Tuilaepa was defending the high ticket prices for the July clash. With a capacity of around 12,000 at Apia Park, tickets range from $12to $270 (US$4 –US$105).
He said the cost of hosting the All Blacks was expensive and revenue had to be recouped.
“I wish we could use coconuts to pay for the All Blacks visit," Tuilaepa told the Samoa Observer newspaper, “but that's not the case. Money is required. It's expensive."
"If only they would accept some baskets of pawpaw and if they all ate guava, that would've been fine but these boys want steak, so it's not cheap.”
The All Blacks will be in Samoa for four days from July 6 on their historic visit with the match being used as part of the World Cup buildup for both teams.
Tuilaepa talked up the prospects of his team though he wasn't prepared to reveal details, saying he didn't want to give any advantages to the All Blacks.
“We are well prepared,” he said.
“But I don't want to tell you because if I tell you, it will be pointless to [prepare then] because news about it will spread and then those preparations will become stale.”
“If we discuss it now, then by tonight it will be all over the news in New Zealand. It would be broadcasted and spread by some other nasty people there.
“Someone might tell them that we have a plan A, plan B and plan C. That's why I don't want to tell you now.

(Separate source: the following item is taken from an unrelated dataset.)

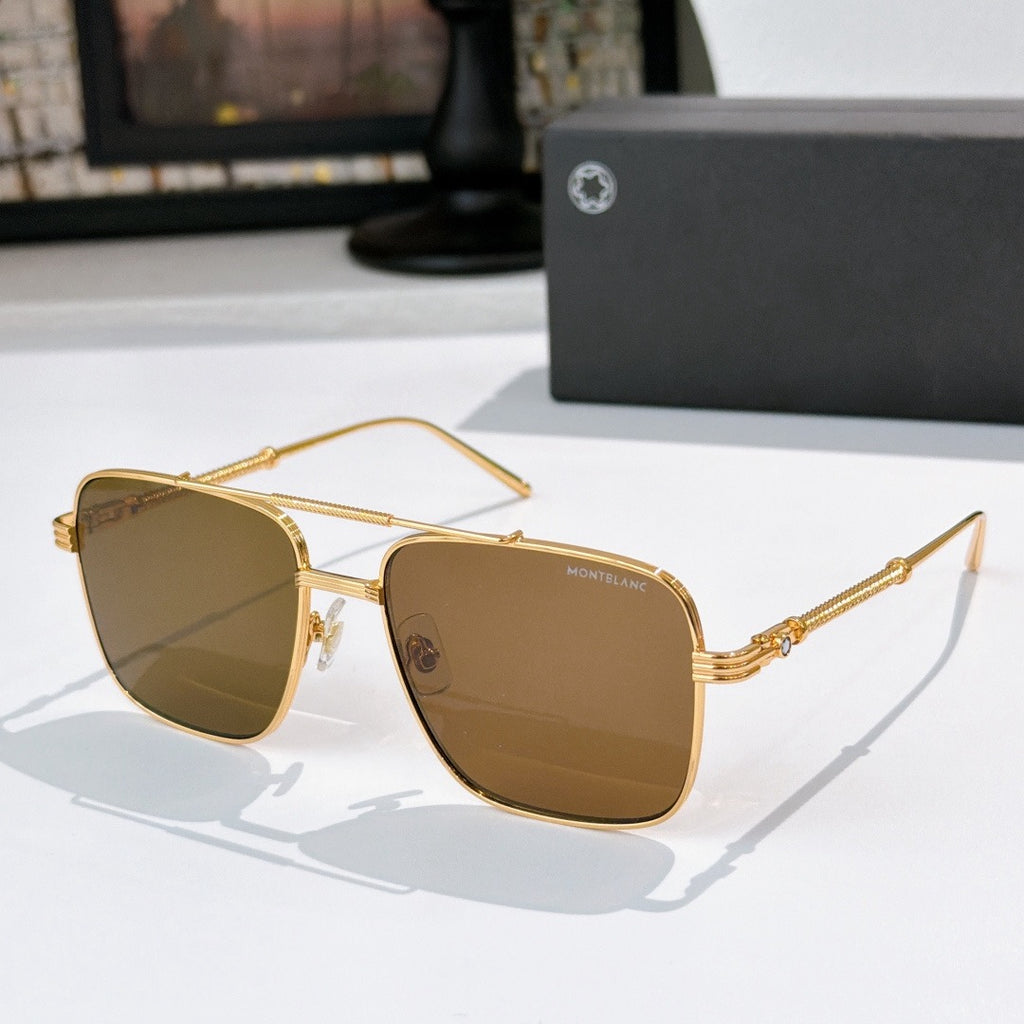 Dolce & Gabbana DG Sunglasses – Oversized Square Frame with Crystal DG Logo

"See these guys [the Samoa Observer] will put it on the internet and then the All Blacks coach will read about it. It's amazing what's happening these days.”
Samoa have had to make repairs to Apia Park for their first hosting of a test against the All Blacks.
Interest will also centre on the strength of the Samoan team after players complained in November of poor management by the Samoan union, threatening at one stage to boycott their clash with England at Twickenham.